### Stored data
+---+

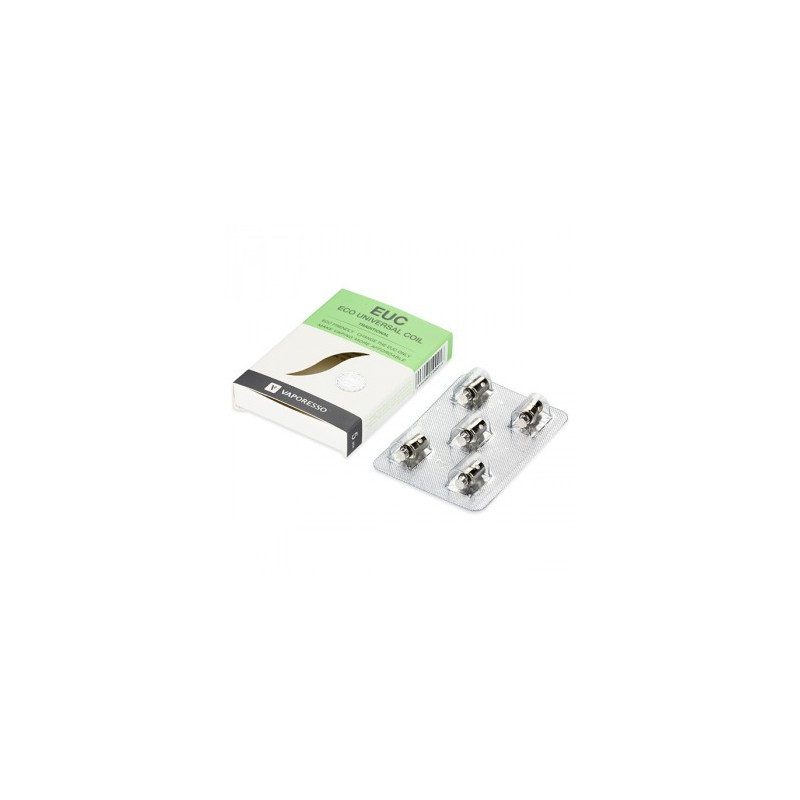Résistance EUC Mini Traditional - 1.4 Ohm - Vaporesso - Pack de 5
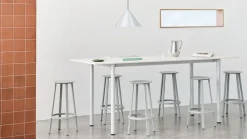 Compass Pendant-430-Brushed alu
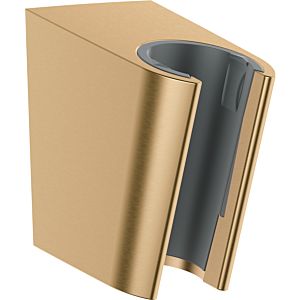 hansgrohe Support de douche Porter 28331140 position de maintien fixe, en plastique, bronze brossé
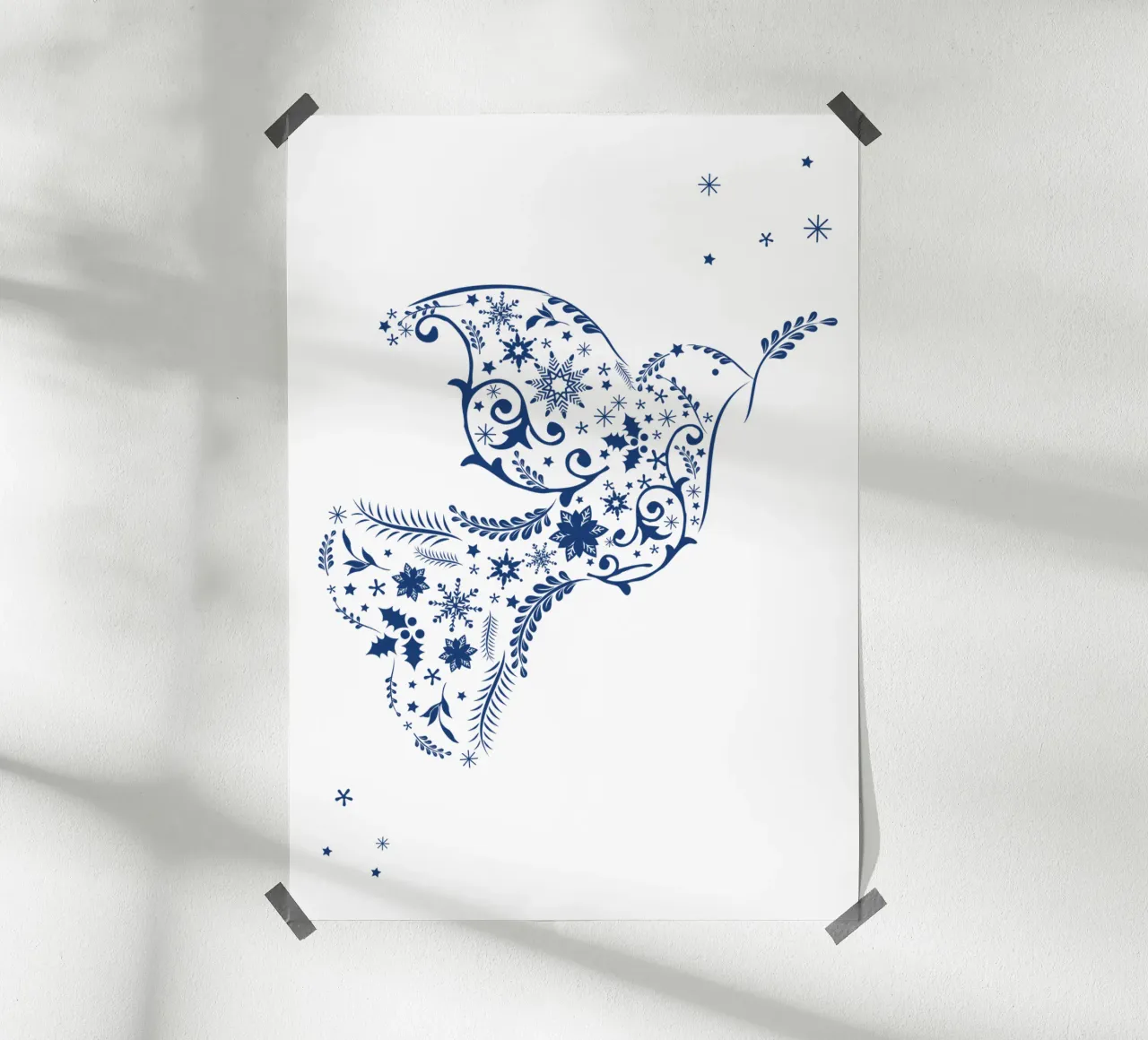 Peace Dove carta hahnemühle da Catherine Aguilar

+---+

### What you will do
What the answer must hold: all the data above, given again exactly, without pictures.

### Answer section
Résistance EUC Mini Traditional - 1.4 Ohm - Vaporesso - Pack de 5
 Compass Pendant-430-Brushed alu
 hansgrohe Support de douche Porter 28331140 position de maintien fixe, en plastique, bronze brossé
 Peace Dove carta hahnemühle da Catherine Aguilar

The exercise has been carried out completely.